Prinzipiell läßt sich kein allgemeiner Terminus denken, der nicht in der Konsequenz einer systematischen Wirklichkeitsexplikation seine begriffliche Definition im Medium des Soseins finden könnte. Was vorliegend noch nicht erfaßt ist, muß es bei genügend umfassender Ausdifferenzierung dennoch.
Wirklichkeit im Medium des Soseins ist aber nur eine Abstraktion dessen, was sich dadurch generell simulierend angeben, niemals aber adäquat realisieren läßt. Eigentliche Wirklichkeit läßt sich als Sosein nur indirekt verallgemeinernd als Seiendes, Dasein, Transrealität, Transzendenz, Transintelligibilität als ein Mysterium sinnhaft pardoxal zusammenfassend nennen, nicht mehr aber konkret jeder Wirklichkeitsdimension gerecht werdend sachentsprechend erfassen. Alles zusammen aber erst "ist", dh. meint umfassend die ganze Wirklichkeit.

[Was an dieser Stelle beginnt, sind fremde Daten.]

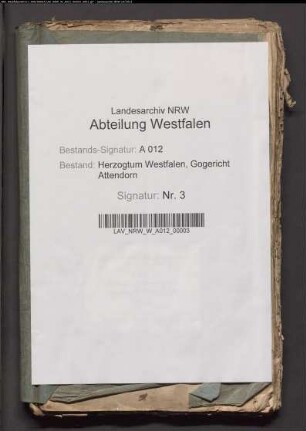Testament Joh. Adolph Bischopink, Attendorn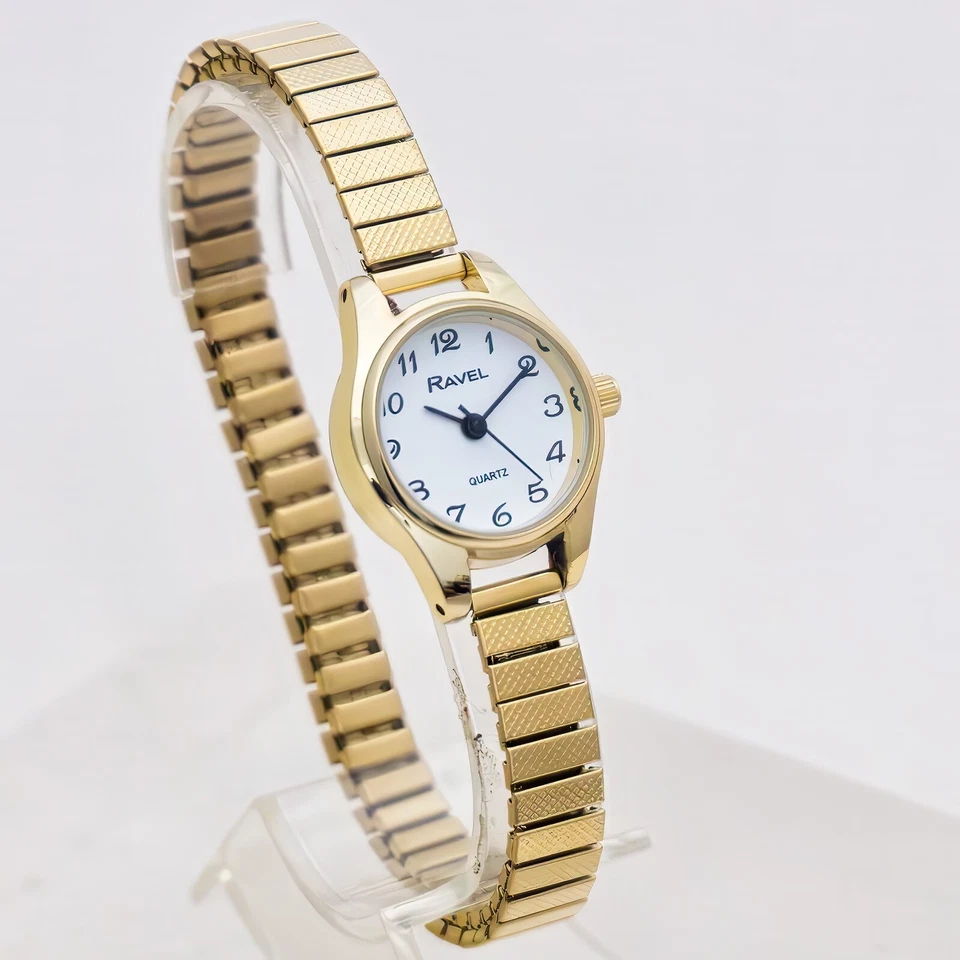 Ravel Ladies  Petite Goldtone Quartz Watch Expanding Bracelet #52 R0207.01.2 - Image 1 of 4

Da Wirklichkeit als Ganzes in Begriffen nur zu Zwecken der Verständigung zerlegt wird, nicht aber schon inhaltlich gedeutet, handelt es sich bei der Begriffsanalyse analog Kants Kritischer Transzendentalphilosophie lediglich um eine vorgängig konsensstiftende Sinnklärung, noch nicht um das eigentliche Resultat, das ein umfassendes reflexives Wirklichkeitsverständnis anstrebt. Ein allumfassendes Wirklichkeitsverständnis müßte vielmehr allen Wirklichkeitsdimensionen adäquat gerecht werden könne, was jede Begriffskompetenz überschreitet.
Im einzelnen wird Wirklichkeit deshalb nur dann zureichend verstanden werden können, wenn sie von ihren weltlichen, ereignishaften, subjektiven und intersubjektiven Eigenschaften her so begriffen wird, als ob alles zusammen bedeutsam wäre. Für Wirklichkeit gibt es keinen privilegierten Zugang. Alle Wirklichkeitszugänge wirken so zusammen, daß sie sich gegenseitig behaupten müssen.
Weil Wirklichkeit aber nicht mehr an und für sich als einzelnes Wirkliches als es selbst identifizierbar ist, muß genauer angegeben werden, in welchem Sinn von "Wirklichkeit" in letzter Instanz die Rede ist. Als das Insgesamt der Welt ist die Wirklichkeit das, was a) wissenschaftlich erforschbar ist (Welt), b) als Ereignis alles, was sich in der Vergangenheit abgespielt hat und für die Zukunft abspielen wird (Ereignis), c) was intersubjektiv alles "wahr" sein kann (Intersubjektivität) , d) was subjektiv alles überhaupt zugänglich und gültig ist (Subjekt) und schließlich e) was alles zusammen zu einer Einheit bringt (Sein).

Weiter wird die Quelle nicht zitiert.